For a (multiplicative) group $G$ and $g\in G$, set $|g|=m\gt 0$ if $g^m=1$ and $g^k\neq 1$ for all $k$, $0\lt k\lt m$; and $|g|=0$ if $g$ is not a torsion element.
If $G_1,\ldots,G_n$ are a finite collection of groups, then $|(g_1,\ldots,g_n)| = \mathrm{lcm}(|g_1|,|g_2|,\ldots,|g_n|).$ (Prove it; remember that $\mathrm{lcm}(0,n) = 0$ for all $n$).

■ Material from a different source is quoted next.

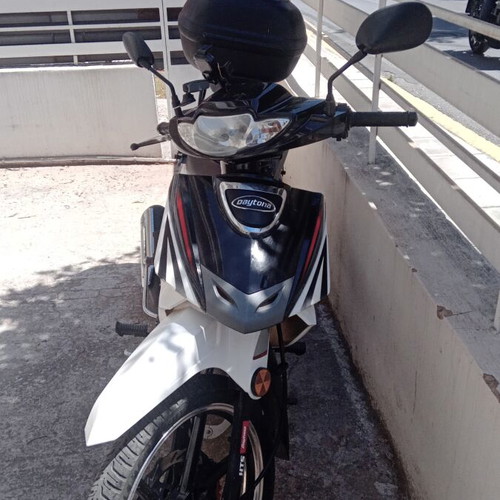 Daytona Sprinter 125 like new, 21cc, white moped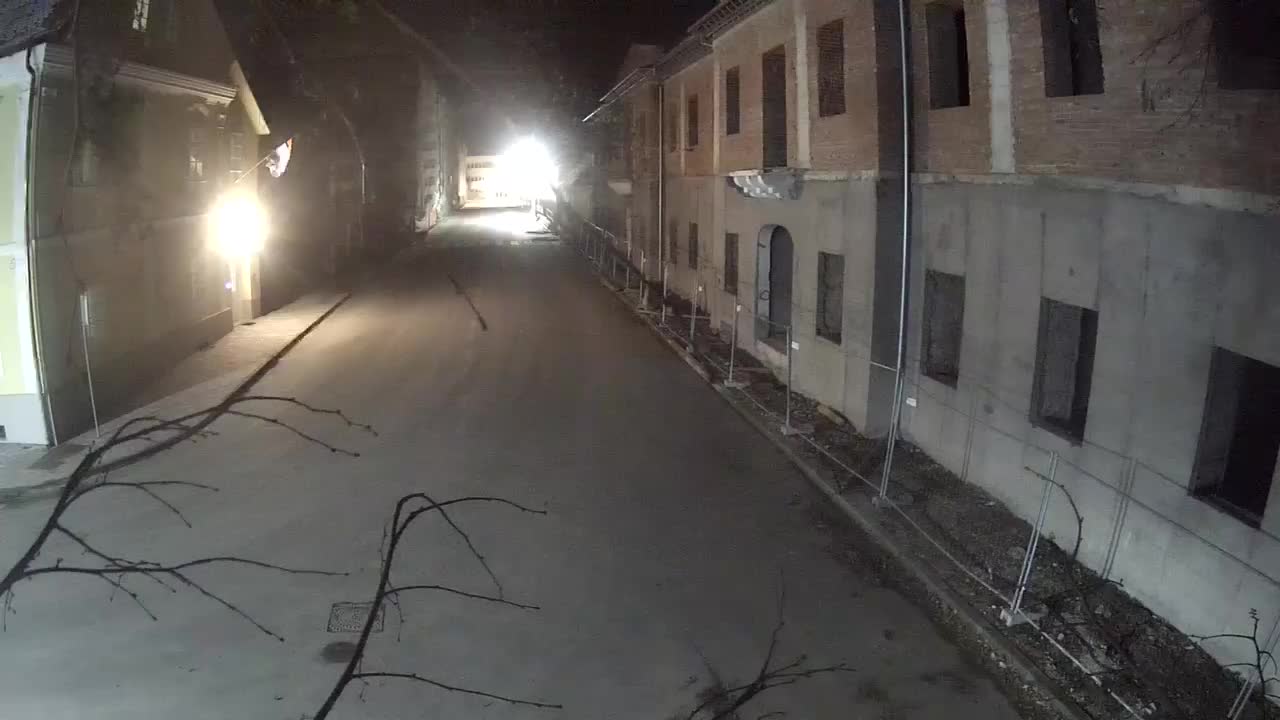 Petrinja ristrutturazione del liceo e dell’amministrazione comunale dopo il terremoto – Live cam Croazia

More generally, if $G$ is a group, $g_1$ and $g_2$ are two elements that commute, and $\langle g_1\rangle\cap\langle g_2\rangle = \{1\}$, then $|g_1g_2| = \mathrm{lcm}(|g_1|,|g_2|)$: since $g_1$ and $g_2$ commute, then $(g_1g_2)^n = g_1^ng_2^n$. If $(g_1g_2)^k = 1$, then $g_1^kg_2^k=1$, so $g_1^k = g_2^{-k}\in\langle g_1\rangle\cap\langle g_2\rangle=\{1\}$, so $g_1^k = g_2^k = 1$, hence $|g_1|$ divides $k$, and $|g_2|$ divides $k$.